Work to complete: Leave out the pictures and restate the rest of the data exactly.

Data provided:
'''

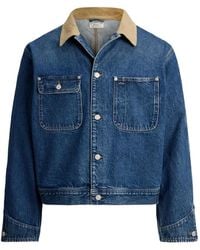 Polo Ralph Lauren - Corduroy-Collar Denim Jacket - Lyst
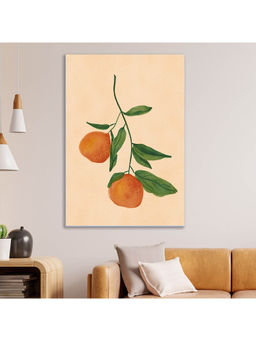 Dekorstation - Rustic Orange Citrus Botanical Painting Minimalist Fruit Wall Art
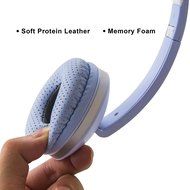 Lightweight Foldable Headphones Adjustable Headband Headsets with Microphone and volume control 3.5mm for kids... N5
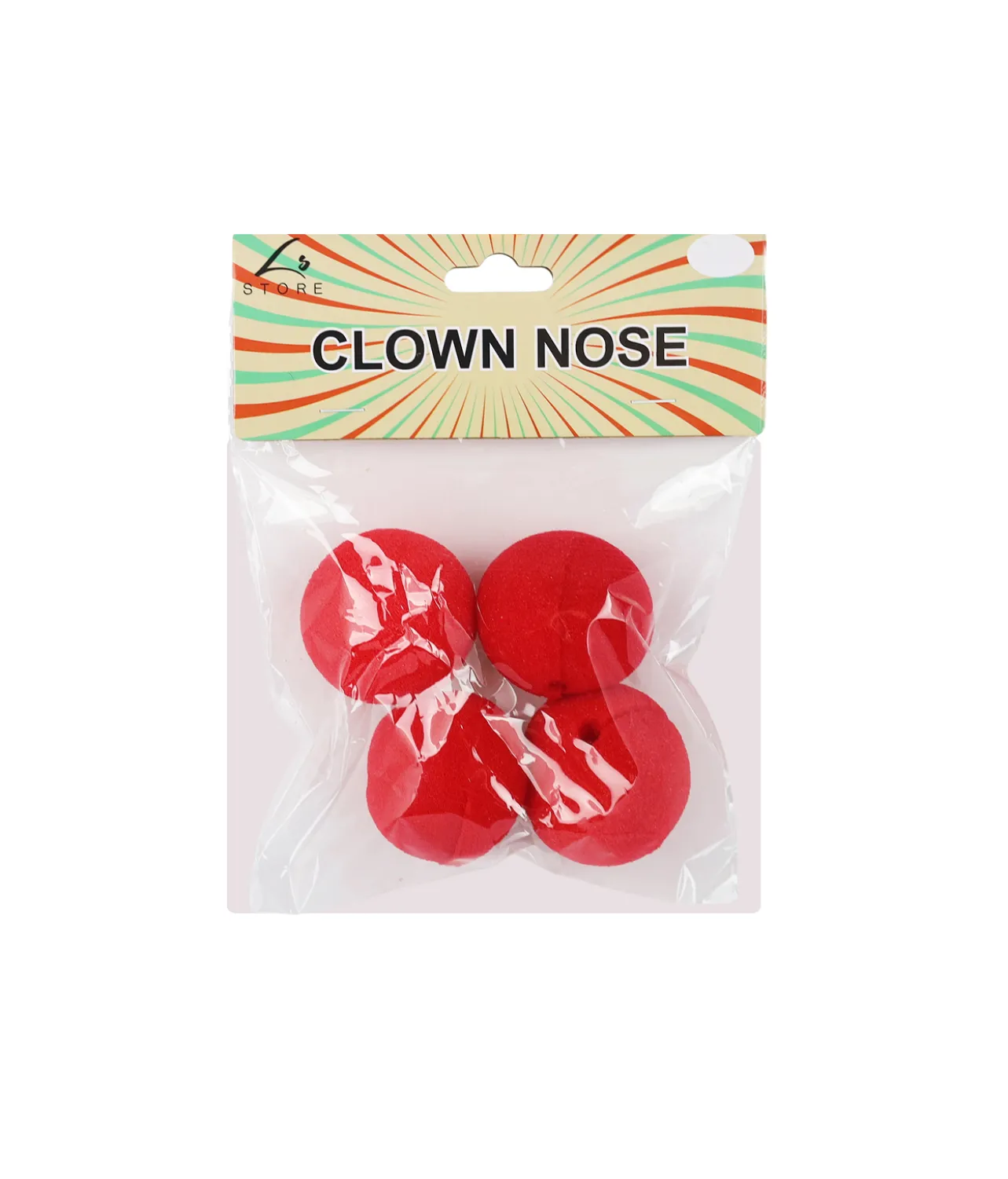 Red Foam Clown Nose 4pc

'''

Result:
 Polo Ralph Lauren - Corduroy-Collar Denim Jacket - Lyst
 Dekorstation - Rustic Orange Citrus Botanical Painting Minimalist Fruit Wall Art
 Lightweight Foldable Headphones Adjustable Headband Headsets with Microphone and volume control 3.5mm for kids... N5
 Red Foam Clown Nose 4pc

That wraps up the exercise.